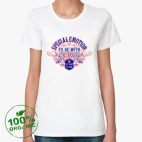 Женская футболка органик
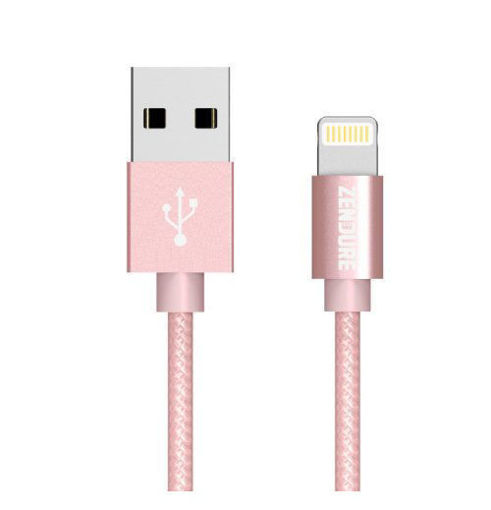 Picture of Zendure Braided Aluminum Charg/Sync Lightning Cable 1M - Rose Gold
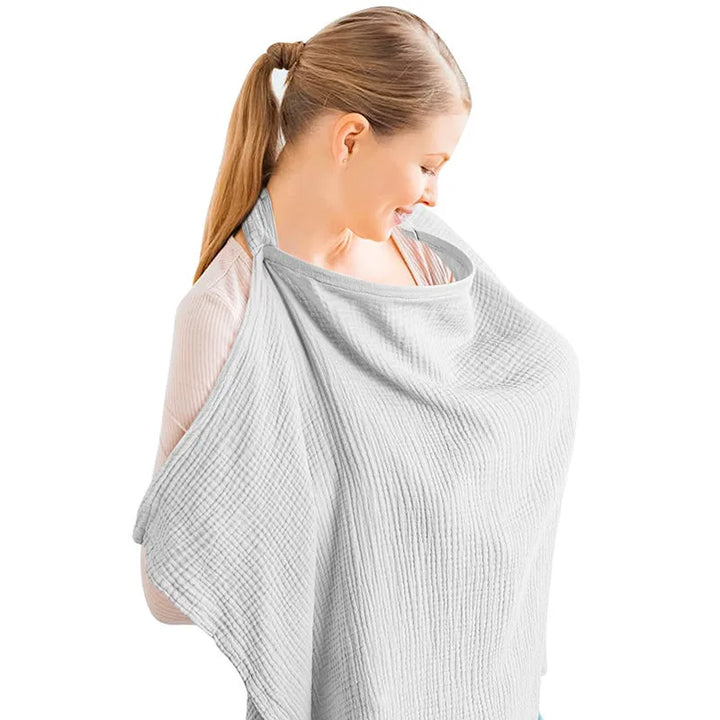 Breathable Muslin Cotton Nursing Cover for Privacy & Comfort
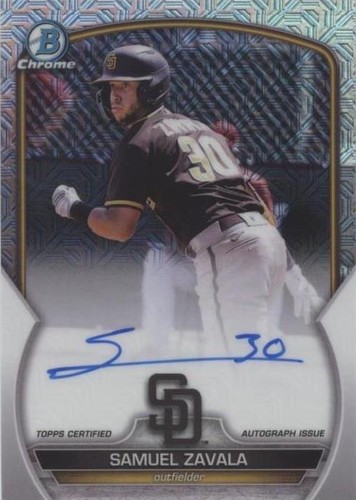 2023 Bowman Chrome - Samuel Zavala #BCMA-SZ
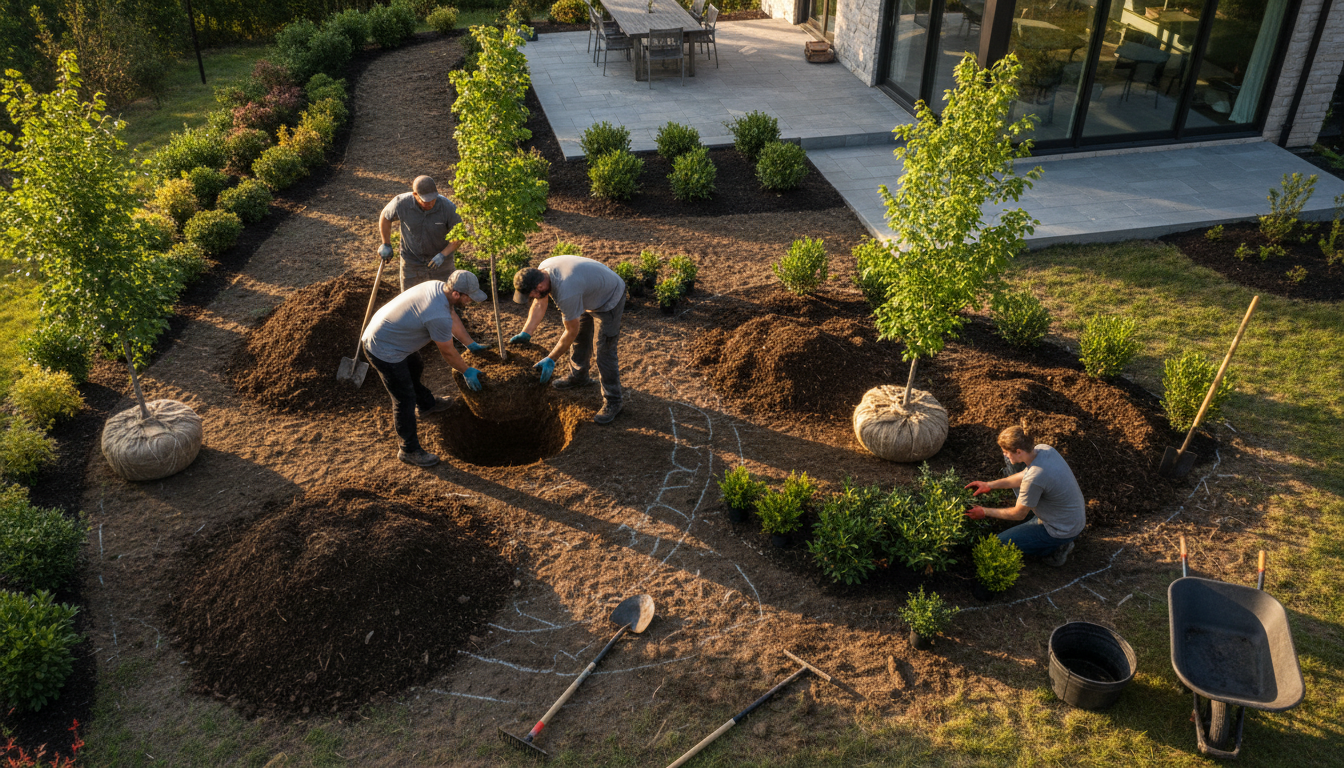 landscape installation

··········

# Exercise description
Each line from the one with "Breathable Muslin Cotton" to the last line of the listing should be returned exactly, both ends included, and no picture with them.

# Solved exercise
 Breathable Muslin Cotton Nursing Cover for Privacy & Comfort
 2023 Bowman Chrome - Samuel Zavala #BCMA-SZ
 landscape installation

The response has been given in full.